A pair of experts one from the United States and one from Australia on Tuesday urged the U.S. to resist the temptation of protectionism as a way to help the troubled U.S. economy.
John Winston Howard, prime minister of Australia from 1996 to 2007, and U.S. Commerce Under Secretary for International Trade Christopher A. Padilla stressed that economic openness is the better path.
"The worst possible thing that America could do or Australia could do or Europe could do at the present time is to turn back in on ourselves and become more protectionist," Howard told a crowd of about 850 people at Zions Bank's seventh annual International Trade and Business Conference.
"The world cries aloud in 2008 for a reaffirmation of the view that protection is something of the past, because if the world goes back into protection, we will aggravate some of the difficulties that are now being faced," Howard said. "That will present very significant challenges and very significant difficulties for all of us."
Padilla, who spoke earlier in the day, said protectionism provides a false sense of security and stems from "a defeatist belief that America cannot compete." The U.S. instead needs to pass more free trade agreements it has 14 now forge investment treaties and participate in the World Trade Organization, he said.
"Great nations know what they believe," he said, "and we believe that openness makes America different, dynamic and strong."
Howard's suggestion of maintaining an open U.S. economy was among his four "rules of the road" for Western, developed countries, and he said it could help the U.S. during economically troubled times.
"Whenever the American economy gets into trouble, you can always be certain that it's sufficiently flexible. and relatively speaking, unregulated, so that it can recover from the difficulty and perform its way out of economic challenge and economic adversity very, very rapidly," he said.

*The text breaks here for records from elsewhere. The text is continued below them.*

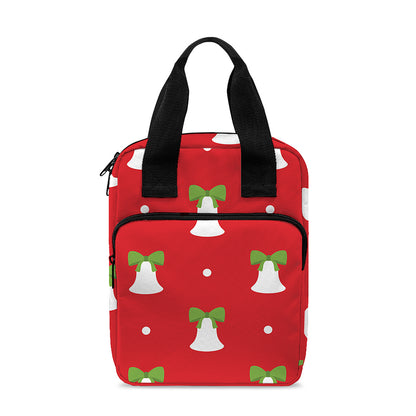 Cute Christmas Bell Pattern Print Bible Tote Bag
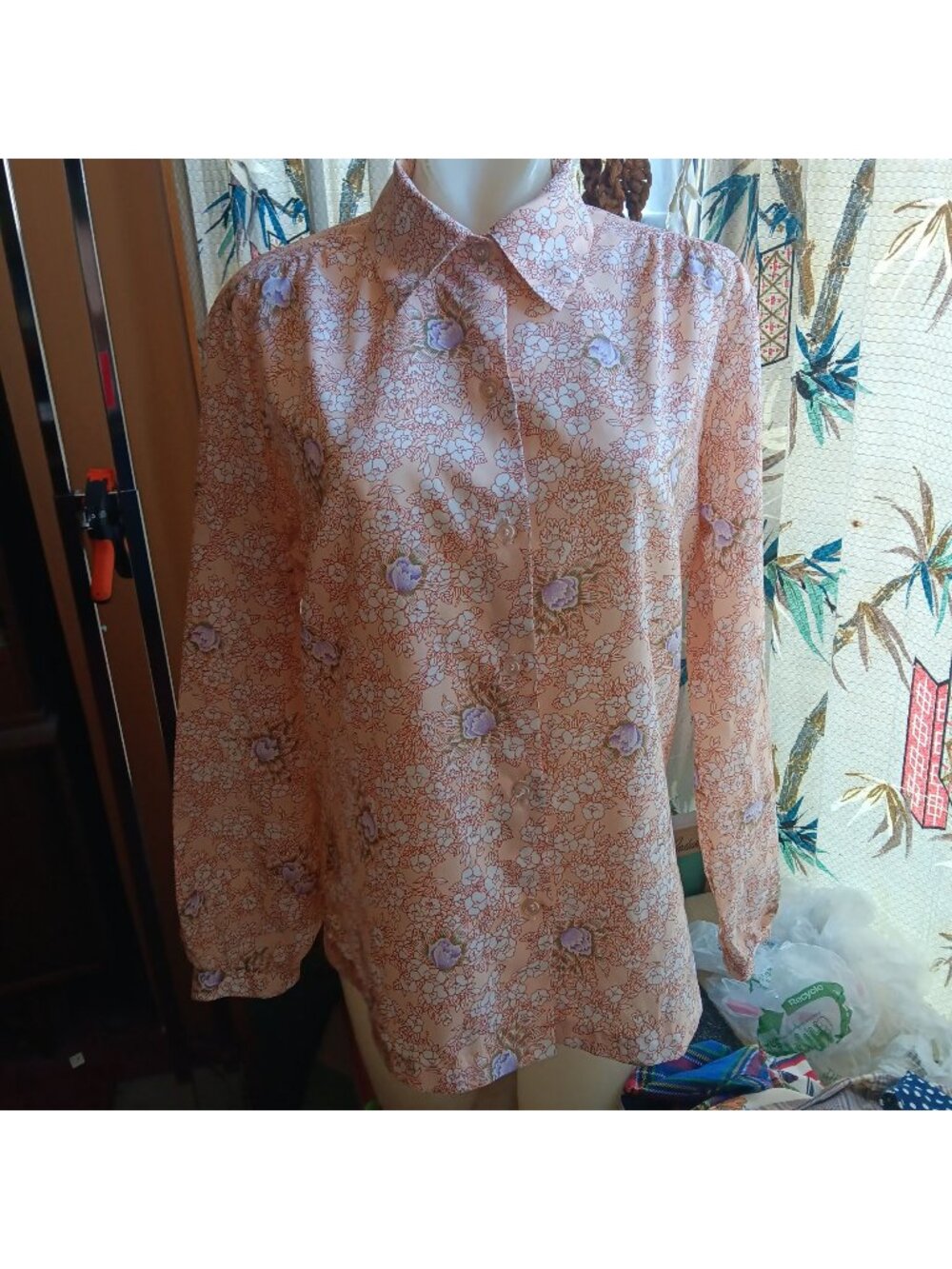 True Vintage Large 1980's Secretary Top Alice Stuart Floral Print Blouse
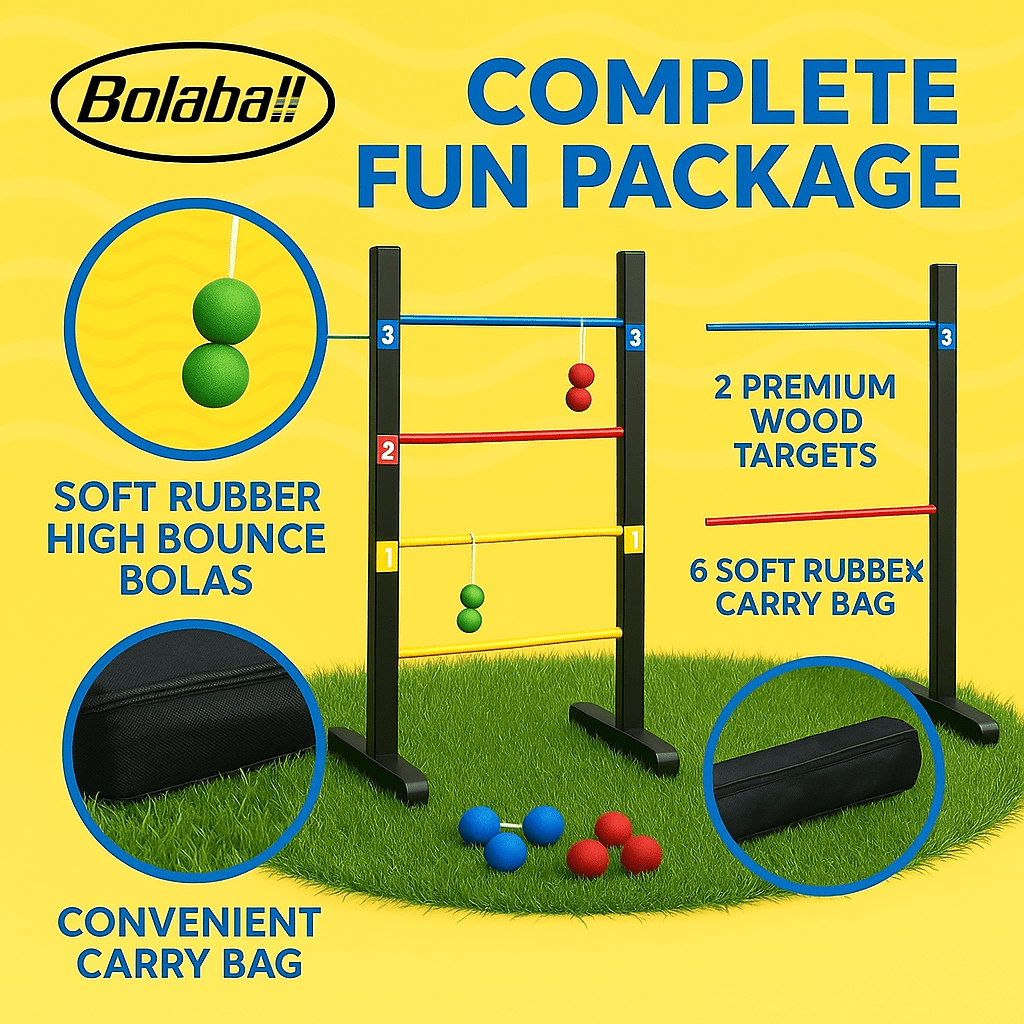 Outdoor Lawn Toss Game Set – Washer Toss & Ladder Toss for Backyard Party, Portable Yard Games for Adults Kids Family, Includes Carrying Case, Fun for Tailgate Camping Beach BBQ Gatherings
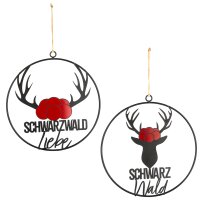 Hänger Schwarzwald Schwarzwaldliebe Hirsch mit Bollenhut (2er Set)  D:31 cm aus Metall - Hängedeko, Türdeko, Fensterdeko, Willkommensgruß, Aufhänger Heimat, Gartendeko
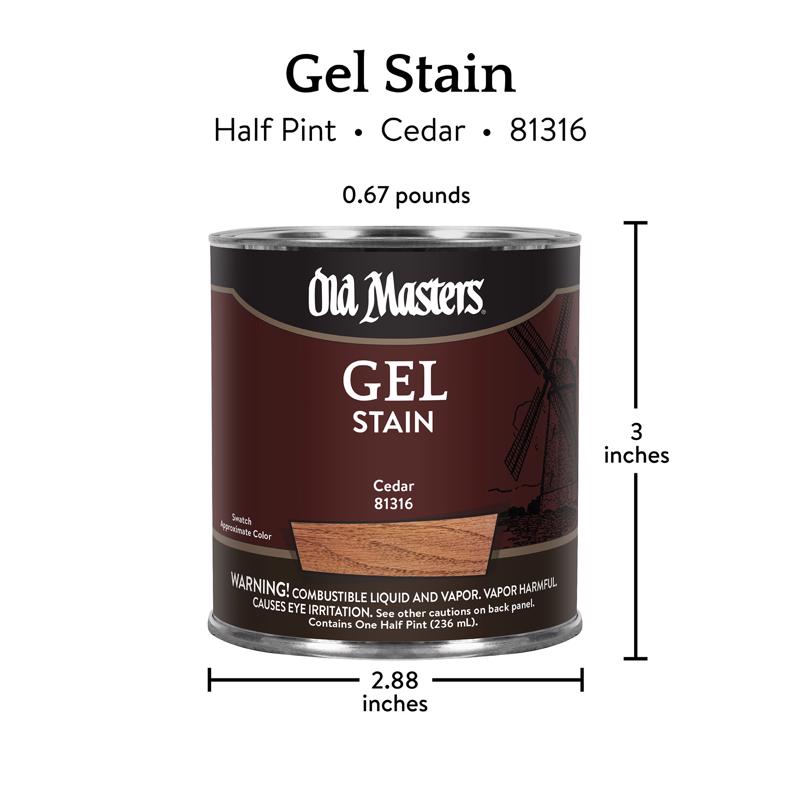 Old Masters Semi-Transparent Cedar Oil-Based Alkyd Gel Stain 1/2 pt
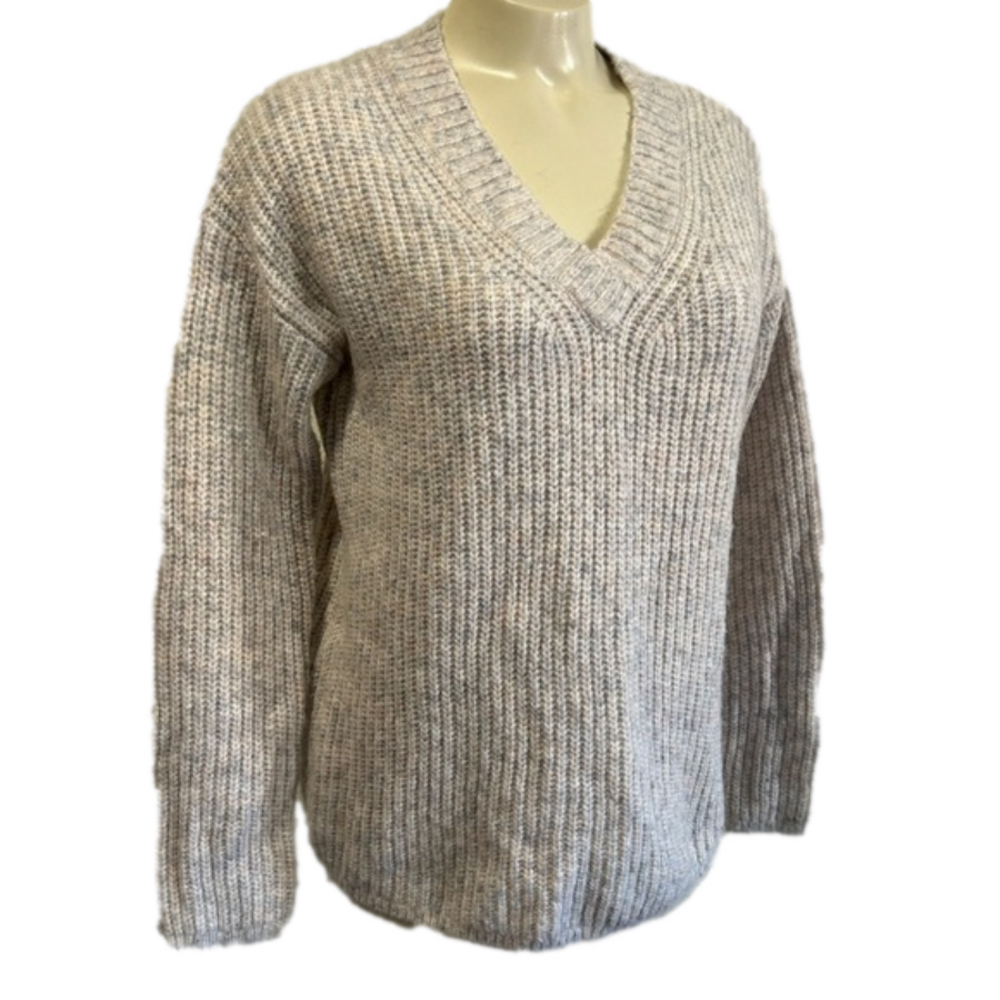 BANANA REPUBLIC gray alpaca blend v-neck boxy oversized sweater XS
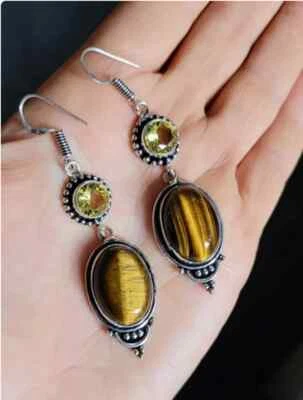 Tiger Auge, Zitrone Topas Edelstein 925 Sterling Silber Handgemacht Ohrring S-40 - Bild 1 von 4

The other rules include not resorting to overregulation during adversity, balancing budgets or at least narrowing deficits, and maintaining faith in the capacity of technology and science to solve most problems.
Howard said he is a "passionate believer" in globalization. "I hope that not only here in the United States, but in my own country and in other nations around the world, that the doubters and the naysayers who always arise and always become prominent in a time of some economic adversity do not carry the day in relation to globalization," he said.
Padilla said many pundits believe China will overtake the U.S. economy, much as they once had predicted for Japan and Europe. "But, ladies and gentlemen, one way to reliably lose money is to bet against America's success, and I do not believe that China's economy will inevitably overtake our own," he said.
The reason, he said, is America's economic openness, which "gives us a leg up in the global economy. We are stronger as a nation, because we welcome the world's products, ideas, investment and people."
Howard, meanwhile, said many people take the wrong view of China and its 1.3 billion inhabitants. "There are too many people, including in the United States, who see China's emergence as a threat and not as an opportunity," he said. "It is an enormous opportunity. It is a huge market."
A self-proclaimed optimist, Howard said he hopes someday that China will be as free as the U.S. and Australia. While he was prime minister, Howard began a process that could result in a free-trade agreement between Australia and China."I hold the view that there is an eventual tension between economic openness and political restriction, that ultimately the two just don't mix. And eventually economic liberalism will cry out loud for a matching political openness, particularly in a world of instant communications," he said. "You can't go on aggressively monitoring the Internet forever."